There were 50 properties assigned the “dangerous” label, which fire department spokesman Steve MacDonald says is more of a “heads up,” signaling areas like roofs or sites of low visibility where firefighters would need to tread with caution.

Serious care needs to be taken for buildings “posted with a /” or “posted with an X,” racking up 44 and 153 instances, respectively. “Posted with an X means on arrival, you’re not supposed to go into the building at all,” MacDonald said. The backslash is almost as dire, and only if there an immediate risk of life should the building be entered.

East Boston has the highest proportion of very unsafe properties, with 39 of its 59 total houses “posted with an X.” Across Roxbury and Dorchester, the total number is over 80, though the houses are distributed more evenly across all safety levels. West Roxbury, often the go-to comparison point for housing activists, has two dangerous properties.  

Some of this can be attributed to population and housing density. West Roxbury’s population is less than 20 percent of Dorchester’s.

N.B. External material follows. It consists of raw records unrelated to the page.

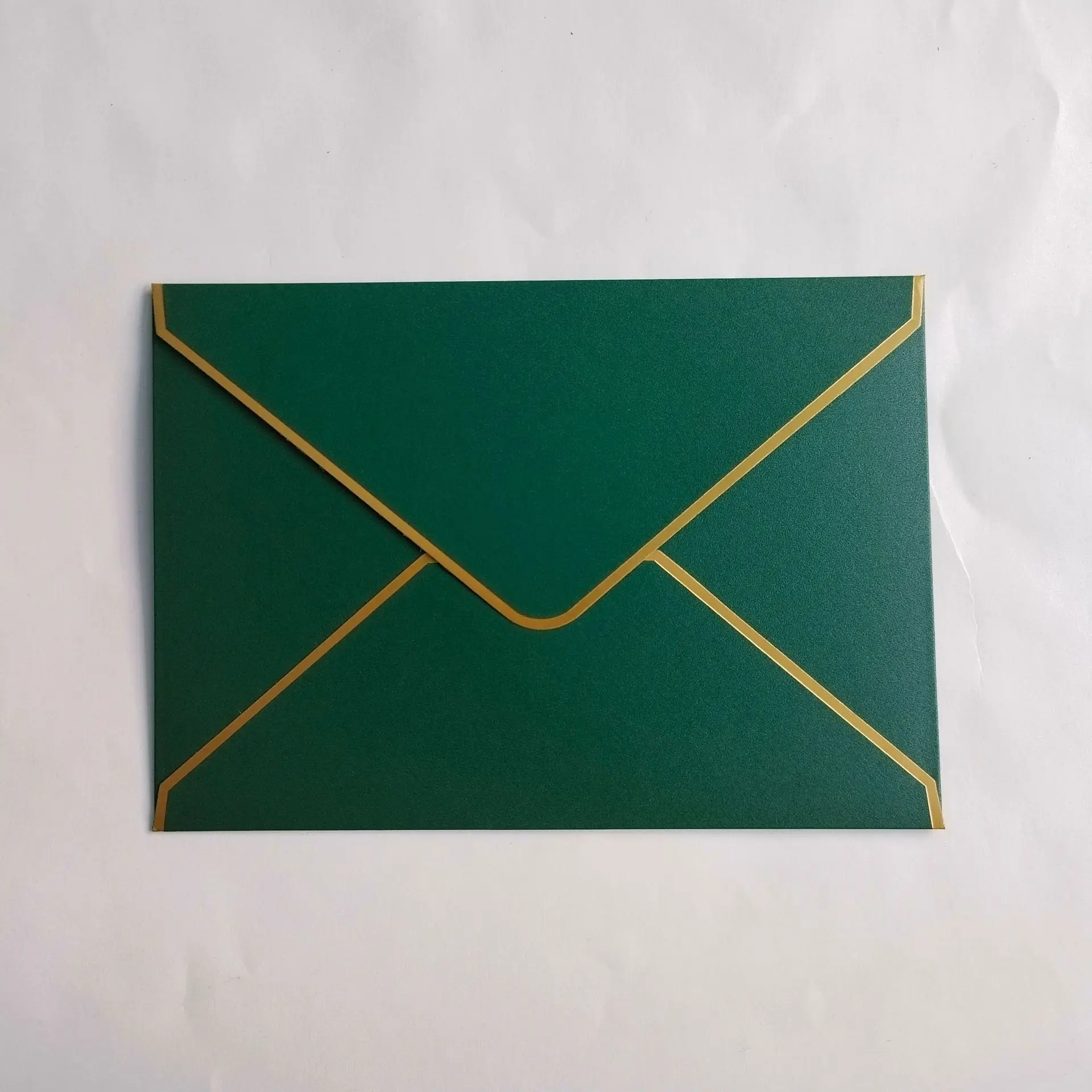 20pcs/lot High-grade 138*195MM Gilding Envelope Business Envelopes for Wedding Invitations Western Style Multi-color Envelopes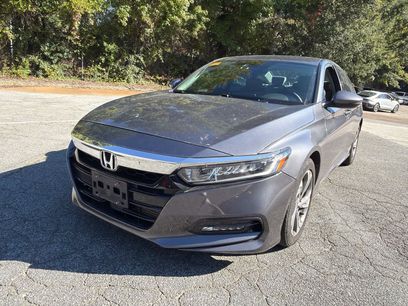 Used 2018 Honda Accord EX-L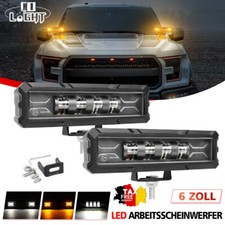 Led arbeitsscheinwerfer - 2x,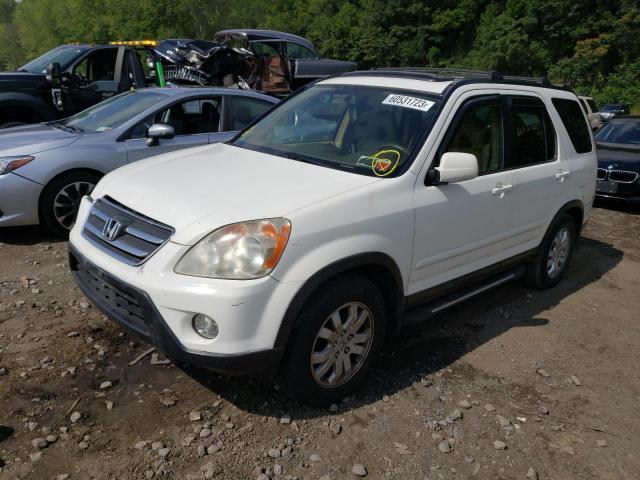 HONDA CR-V SE 2006 jhlrd78956c005728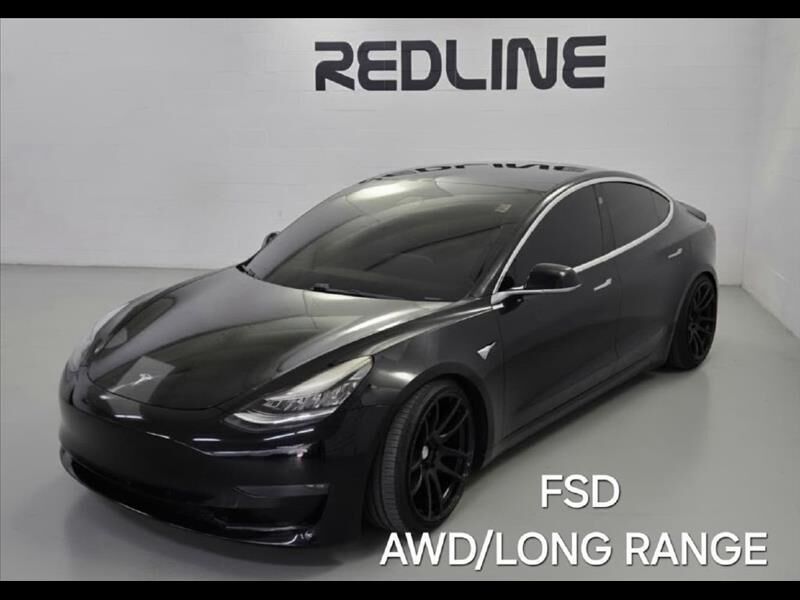 2019 TESLA Model 3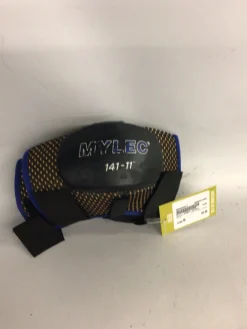 Used Mylec STREET HOCKEY Junior Elbow Pads MD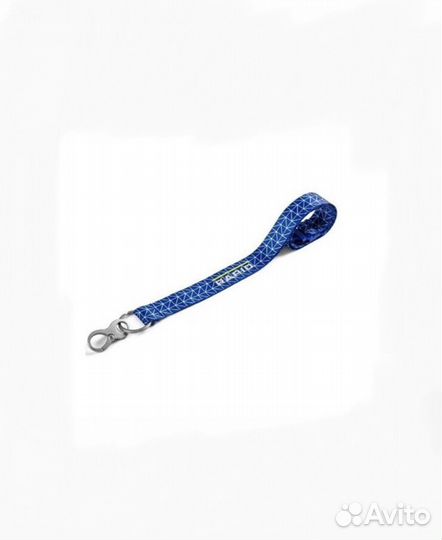 Лента шнурок skoda для ключей, бейджа Шкода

But longtime Dorchester neighborhood advocate Davida Andelman thinks there’s an attentiveness gap as well. “I firmly believe that that’s not tolerated, leaving a property that is uninhabitable, that’s been deemed a hazard,” she said. “I think the property owner would suffer a lot of harassment by neighbors and by the city in West Roxbury.” 

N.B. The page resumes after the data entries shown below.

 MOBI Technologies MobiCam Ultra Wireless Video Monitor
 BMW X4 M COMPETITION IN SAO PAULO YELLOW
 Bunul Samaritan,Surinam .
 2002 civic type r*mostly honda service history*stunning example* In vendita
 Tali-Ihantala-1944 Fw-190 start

The fire list is also a good way to get a sense of ISD priorities. “The interrelation between the Fire Department and ISD is pretty thorough,” Christopher said. “In a lot of cases we will be there simultaneously, and in a lot of cases we’ll be there independently and we exchange resource information.” 

They two agencies work together to determine the best course of action for a dangerous building. Christopher cited 8 Marie St. as an example.

“It was clear that we were going to make the primary fire site uninhabitable,” he said. The two buildings on either side had their windows taken out and were boarded up. After the fire, owner Bonnie Glenn sold the property for $250,000. It was largely torn down and is in the process of being re-built and intended to be used as rental housing.

The city also keeps a “problem properties” list, which is monitored by a task force across its fire, police, inspectional services, neighborhood services, public health, treasury, air pollution control, and legal departments.

For a building to make the list, it needs four strikes across departments within a year. A problem property could be the site of at least four criminal complaints in a 12-month period. A property with at least four noise complaints, or four-plus inspection or public health violations, also may be cited.

Nine properties are designated as such across the city. A downtown apartment building and a mixed-use apartment in Jamaica Plain are the outliers, as the other seven were from Roxbury and Dorchester, five of those in police area B. 

“To me it sounds low, absolutely,” Andelman said. “Oh my god, that can’t be. I’m pretty incredulous.” 

She suspects there is a gap between properties that most everyone in a neighborhood would deem problematic and those that actually rack up specific calls.  “A lot of people are still reluctant, because of not being familiar with calling the city departments,” she said.

Buildings like 97 Mt. Ida Rd. are a sore spot for neighbors and inspectors alike. It has stood in disrepair for more than a decade as it owner refuses to do necessary repair work, dragging down property values and distressing nearby residents.

The city's ongoing case against owner James Dickey is tied up again, as a petition he files with the state building code needs to be sorted out before he can return to the open suit in housing court.